March 18, 2021 - Simon Woods: "American Orchestras: Acknowledging Racism and Working for Change"
The UCLA Herb Alpert School of Music is proud to welcome highly trusted mentor to orchestra management professionals, emerging leaders, and conductors, and the President and CEO of the League of American Orchestras, Simon Woods.
In August 2020, the League of American Orchestras issued a Statement on Racial Discrimination addressing and accepting responsibility for the orchestral field's history of exclusion and systemic discrimination, and apologized for its own role in perpetuating it. The League's new President and CEO, Simon Woods, will discuss that history, describe some of the ways in which orchestras have responded to this moment of racial reckoning, address challenges and opportunities ahead, and speak about the work the League of American Orchestras is currently doing to advocate for change to move the field forward.
About Simon Woods
Woods brings more than 30 years of experience working with orchestras. He is deeply committed to equity, to the role of arts organizations in community, and to nurturing the next generation of arts leaders. He is known throughout the sector as a highly trusted mentor to orchestra management professionals, emerging leaders, and conductors. For two decades he has contributed to the League of American Orchestras’ professional development programs, including acting as Director of the League’s signature immersive training program, Essentials of Orchestra Management.

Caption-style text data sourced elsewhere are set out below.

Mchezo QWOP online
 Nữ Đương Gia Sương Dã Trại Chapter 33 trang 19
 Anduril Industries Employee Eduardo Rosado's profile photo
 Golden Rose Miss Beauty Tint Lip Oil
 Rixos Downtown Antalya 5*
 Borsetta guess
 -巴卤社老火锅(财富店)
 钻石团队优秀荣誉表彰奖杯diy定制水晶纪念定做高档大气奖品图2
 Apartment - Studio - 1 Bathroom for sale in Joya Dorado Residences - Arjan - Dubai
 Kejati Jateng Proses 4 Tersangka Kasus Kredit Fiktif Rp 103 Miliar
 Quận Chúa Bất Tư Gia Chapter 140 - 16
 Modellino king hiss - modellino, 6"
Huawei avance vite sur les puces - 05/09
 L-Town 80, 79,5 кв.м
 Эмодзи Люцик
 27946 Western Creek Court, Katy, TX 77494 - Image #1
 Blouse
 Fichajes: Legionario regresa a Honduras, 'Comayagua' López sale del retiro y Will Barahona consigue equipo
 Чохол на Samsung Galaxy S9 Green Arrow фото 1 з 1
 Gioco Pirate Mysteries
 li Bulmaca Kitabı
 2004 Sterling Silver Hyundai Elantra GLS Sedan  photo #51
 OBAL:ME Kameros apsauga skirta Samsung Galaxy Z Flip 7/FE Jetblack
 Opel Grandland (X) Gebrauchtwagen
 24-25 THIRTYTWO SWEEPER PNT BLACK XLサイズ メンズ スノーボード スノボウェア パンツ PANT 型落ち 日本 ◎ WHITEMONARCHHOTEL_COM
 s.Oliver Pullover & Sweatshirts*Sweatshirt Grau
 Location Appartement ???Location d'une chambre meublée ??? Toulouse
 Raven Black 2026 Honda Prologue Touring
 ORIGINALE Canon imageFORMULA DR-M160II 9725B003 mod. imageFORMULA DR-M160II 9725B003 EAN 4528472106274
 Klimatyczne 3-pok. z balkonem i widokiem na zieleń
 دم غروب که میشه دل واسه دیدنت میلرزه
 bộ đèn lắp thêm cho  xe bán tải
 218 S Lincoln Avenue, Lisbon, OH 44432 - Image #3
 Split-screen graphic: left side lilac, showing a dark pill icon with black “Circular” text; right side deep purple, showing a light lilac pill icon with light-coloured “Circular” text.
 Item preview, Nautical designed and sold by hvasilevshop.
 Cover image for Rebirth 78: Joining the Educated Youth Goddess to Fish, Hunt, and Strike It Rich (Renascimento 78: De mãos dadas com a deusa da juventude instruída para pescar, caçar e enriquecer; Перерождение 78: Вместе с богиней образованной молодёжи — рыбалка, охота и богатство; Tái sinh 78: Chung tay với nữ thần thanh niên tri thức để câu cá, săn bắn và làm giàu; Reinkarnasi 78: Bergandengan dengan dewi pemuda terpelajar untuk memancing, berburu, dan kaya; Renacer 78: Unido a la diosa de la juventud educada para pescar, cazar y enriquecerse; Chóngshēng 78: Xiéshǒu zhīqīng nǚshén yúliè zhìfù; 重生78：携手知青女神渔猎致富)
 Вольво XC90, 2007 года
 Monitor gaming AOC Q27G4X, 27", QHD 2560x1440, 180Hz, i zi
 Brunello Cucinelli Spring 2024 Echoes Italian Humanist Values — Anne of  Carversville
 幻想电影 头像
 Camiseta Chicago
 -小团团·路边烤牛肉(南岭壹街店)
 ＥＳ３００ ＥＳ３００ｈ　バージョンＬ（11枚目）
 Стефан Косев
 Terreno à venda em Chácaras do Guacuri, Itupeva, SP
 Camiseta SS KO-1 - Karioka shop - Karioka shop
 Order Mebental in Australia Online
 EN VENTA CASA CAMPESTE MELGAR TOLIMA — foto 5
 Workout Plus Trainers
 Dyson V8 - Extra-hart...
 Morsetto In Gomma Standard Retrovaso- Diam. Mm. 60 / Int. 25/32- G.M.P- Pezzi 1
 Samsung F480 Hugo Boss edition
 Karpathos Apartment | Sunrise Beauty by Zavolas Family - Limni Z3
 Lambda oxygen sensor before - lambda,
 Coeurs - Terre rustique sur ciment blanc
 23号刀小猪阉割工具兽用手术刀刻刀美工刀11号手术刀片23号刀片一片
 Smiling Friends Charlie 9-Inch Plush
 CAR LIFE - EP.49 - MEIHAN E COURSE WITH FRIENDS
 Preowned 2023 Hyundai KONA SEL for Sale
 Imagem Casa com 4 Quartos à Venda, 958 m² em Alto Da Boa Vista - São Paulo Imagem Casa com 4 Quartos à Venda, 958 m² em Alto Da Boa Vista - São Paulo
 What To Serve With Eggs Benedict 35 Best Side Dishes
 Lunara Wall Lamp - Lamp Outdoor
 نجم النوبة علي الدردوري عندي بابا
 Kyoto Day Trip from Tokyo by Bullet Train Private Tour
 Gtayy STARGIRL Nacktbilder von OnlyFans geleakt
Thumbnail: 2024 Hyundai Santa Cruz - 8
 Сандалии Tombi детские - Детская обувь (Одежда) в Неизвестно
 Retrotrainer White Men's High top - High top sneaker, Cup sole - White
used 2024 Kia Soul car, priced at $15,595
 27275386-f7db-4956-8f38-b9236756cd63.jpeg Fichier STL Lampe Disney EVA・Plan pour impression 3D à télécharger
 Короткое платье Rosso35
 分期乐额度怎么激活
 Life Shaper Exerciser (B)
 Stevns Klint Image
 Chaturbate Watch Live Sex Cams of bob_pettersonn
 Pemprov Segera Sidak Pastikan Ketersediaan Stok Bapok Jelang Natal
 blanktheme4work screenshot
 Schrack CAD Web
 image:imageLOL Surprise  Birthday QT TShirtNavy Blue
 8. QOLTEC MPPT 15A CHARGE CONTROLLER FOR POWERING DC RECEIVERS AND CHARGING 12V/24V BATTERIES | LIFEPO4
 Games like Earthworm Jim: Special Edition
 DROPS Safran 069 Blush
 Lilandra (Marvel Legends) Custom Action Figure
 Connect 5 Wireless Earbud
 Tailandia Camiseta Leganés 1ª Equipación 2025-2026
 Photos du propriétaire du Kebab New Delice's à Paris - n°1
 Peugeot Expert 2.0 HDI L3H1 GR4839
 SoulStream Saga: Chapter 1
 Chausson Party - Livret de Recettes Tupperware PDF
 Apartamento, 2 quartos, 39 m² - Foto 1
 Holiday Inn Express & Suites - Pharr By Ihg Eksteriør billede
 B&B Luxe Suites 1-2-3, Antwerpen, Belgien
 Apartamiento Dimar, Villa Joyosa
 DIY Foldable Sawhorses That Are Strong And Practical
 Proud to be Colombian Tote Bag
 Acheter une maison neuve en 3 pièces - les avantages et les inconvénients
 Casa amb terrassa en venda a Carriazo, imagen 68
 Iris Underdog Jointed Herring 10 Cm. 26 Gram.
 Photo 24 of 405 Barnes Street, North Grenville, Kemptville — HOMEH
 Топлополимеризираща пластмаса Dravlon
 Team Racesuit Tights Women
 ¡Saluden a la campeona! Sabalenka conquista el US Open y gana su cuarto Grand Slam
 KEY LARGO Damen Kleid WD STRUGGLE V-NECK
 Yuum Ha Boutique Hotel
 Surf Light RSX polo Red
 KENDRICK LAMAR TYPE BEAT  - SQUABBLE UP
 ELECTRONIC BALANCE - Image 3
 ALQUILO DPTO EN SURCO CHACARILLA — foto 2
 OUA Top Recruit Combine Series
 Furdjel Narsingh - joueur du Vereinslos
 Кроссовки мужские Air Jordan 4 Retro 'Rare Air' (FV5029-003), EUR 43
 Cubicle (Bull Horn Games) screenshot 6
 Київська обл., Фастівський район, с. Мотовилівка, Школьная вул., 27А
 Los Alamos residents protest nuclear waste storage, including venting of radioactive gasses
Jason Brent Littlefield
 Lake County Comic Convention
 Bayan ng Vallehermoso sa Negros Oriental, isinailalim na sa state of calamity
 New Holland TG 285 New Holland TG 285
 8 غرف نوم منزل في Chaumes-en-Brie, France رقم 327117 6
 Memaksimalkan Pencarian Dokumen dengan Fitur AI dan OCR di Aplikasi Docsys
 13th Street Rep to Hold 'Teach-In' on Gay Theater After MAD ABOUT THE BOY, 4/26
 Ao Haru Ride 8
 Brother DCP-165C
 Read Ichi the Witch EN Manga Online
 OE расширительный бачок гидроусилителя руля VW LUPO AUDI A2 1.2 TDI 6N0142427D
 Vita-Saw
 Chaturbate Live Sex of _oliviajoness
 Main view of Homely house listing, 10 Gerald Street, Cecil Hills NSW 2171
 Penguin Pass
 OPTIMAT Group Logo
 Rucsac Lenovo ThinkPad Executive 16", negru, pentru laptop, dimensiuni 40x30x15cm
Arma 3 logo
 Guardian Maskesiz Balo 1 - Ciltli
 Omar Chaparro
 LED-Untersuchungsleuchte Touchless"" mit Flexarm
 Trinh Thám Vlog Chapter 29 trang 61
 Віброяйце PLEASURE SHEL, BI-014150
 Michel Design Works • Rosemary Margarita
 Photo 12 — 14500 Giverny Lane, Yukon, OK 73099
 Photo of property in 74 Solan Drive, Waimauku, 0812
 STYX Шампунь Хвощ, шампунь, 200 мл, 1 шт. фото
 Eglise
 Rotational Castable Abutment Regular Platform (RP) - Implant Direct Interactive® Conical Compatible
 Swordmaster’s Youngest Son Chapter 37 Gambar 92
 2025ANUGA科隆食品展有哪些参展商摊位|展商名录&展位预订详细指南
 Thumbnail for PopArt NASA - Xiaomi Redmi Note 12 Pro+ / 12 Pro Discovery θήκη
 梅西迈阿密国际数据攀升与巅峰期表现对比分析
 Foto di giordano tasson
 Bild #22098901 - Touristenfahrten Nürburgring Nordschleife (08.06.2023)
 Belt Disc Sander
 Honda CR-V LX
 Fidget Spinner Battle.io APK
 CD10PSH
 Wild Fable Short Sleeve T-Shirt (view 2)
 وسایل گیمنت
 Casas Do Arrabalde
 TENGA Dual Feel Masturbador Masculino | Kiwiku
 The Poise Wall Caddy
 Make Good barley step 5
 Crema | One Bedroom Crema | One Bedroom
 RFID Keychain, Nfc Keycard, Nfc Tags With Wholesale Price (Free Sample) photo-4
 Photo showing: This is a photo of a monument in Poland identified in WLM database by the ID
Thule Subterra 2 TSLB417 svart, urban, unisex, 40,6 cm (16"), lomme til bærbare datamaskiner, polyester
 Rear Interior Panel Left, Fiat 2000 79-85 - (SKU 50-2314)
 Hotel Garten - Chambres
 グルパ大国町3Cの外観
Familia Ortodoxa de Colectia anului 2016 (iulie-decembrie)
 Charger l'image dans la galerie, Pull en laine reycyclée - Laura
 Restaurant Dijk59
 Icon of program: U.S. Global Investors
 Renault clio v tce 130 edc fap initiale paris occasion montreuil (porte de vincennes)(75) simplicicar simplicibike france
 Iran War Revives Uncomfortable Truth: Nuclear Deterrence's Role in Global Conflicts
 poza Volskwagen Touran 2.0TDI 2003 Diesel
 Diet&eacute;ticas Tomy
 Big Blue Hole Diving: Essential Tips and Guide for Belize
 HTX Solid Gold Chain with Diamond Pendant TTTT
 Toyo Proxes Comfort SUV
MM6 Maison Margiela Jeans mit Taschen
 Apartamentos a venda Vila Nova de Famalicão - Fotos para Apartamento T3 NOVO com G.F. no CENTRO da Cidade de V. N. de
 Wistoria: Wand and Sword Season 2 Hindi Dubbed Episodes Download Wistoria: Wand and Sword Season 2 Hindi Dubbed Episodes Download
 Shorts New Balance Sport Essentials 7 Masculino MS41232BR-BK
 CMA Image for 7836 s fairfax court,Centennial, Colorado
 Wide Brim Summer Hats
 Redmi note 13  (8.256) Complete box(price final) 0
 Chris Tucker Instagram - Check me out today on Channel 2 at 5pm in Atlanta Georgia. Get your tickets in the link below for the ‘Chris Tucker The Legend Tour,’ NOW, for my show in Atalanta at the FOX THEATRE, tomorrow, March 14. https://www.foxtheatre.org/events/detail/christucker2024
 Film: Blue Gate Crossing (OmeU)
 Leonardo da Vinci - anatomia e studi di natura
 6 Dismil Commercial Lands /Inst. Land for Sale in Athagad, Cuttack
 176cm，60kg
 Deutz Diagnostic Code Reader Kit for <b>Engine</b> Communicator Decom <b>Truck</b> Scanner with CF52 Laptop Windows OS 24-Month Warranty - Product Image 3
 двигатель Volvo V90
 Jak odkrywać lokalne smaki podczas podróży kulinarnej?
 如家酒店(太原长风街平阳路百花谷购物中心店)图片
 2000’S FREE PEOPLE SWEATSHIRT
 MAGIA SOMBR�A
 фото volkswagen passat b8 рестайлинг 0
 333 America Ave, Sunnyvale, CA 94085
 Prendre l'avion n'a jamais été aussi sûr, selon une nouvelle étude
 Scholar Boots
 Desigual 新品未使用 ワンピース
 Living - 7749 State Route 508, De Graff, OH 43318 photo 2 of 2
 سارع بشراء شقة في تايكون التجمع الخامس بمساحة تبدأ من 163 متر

Born in London, England, Woods earned a degree in music from Cambridge University and a diploma in conducting from the Guildhall School of Music and Drama in London. From the late 1980s to the late 1990s, he worked as a record producer at EMI Classics in London, where he initiated and produced recordings at Abbey Road Studios and on location with many of the world’s foremost classical artists and ensembles. From 1997 to 2004, he was Artistic Administrator and later Vice President of Artistic Planning & Operations at The Philadelphia Orchestra. From 2004 to 2005, he was President & CEO of the New Jersey Symphony Orchestra, before moving back to the UK in 2005 to become Chief Executive of the Royal Scottish National Orchestra, one of the United Kingdom’s leading symphony orchestras. Returning to the US in 2011, he became President & CEO of the Seattle Symphony, a post he held for seven years. In November 2017, Woods was appointed CEO of the Los Angeles Philharmonic, a post he held until September 2019. From February to August 2020, Woods was Interim Executive Director of the Grand Teton Music Festival, in Jackson Hole, Wyoming. In March 2020 he joined the Board of Directors of National Arts Strategies. Woods was honored to become an American citizen in 2018 and joined the League of American Orchestras as President and CEO in September 2020.
About the Still Waiting Speaker Series:
"Our ancestors fought for what they expected to be a very different outcome than the one we are currently experiencing. The racial gulf has widened, and we are fighting battles that are bewildering to those of us who know the struggles of others who came before us."
The UCLA Herb Alpert School of Music and its Inaugural Dean, Eileen L. Strempel are proud to launch Still Waiting, a new speaker series that invites the public to join UCLA students in conversation with prominent figures invited by the school’s Anti-Racism Action Committee (ARAC), to help us understand ourselves and our response to this deeply hurtful moment in our nation’s racial reckoning. Still Waiting invites us to demand better of our communities and better of our actions in response to the tangible effects of racist policing, academic and institutional indifference, and methodologies that may bridge the gap between feelings of alienation and feelings of sanctuary and refuge for us all.
About the ARAC:
ARAC, the Anti-Racism Action Committee of The UCLA Herb Alpert School of Music, is a non-hierarchical group of students, staff, and faculty members committed to changing the atmosphere of our Bruin community by addressing issues of bias, marginalization and discrimination toward black, Indigenous and people of color and other intersectional communities.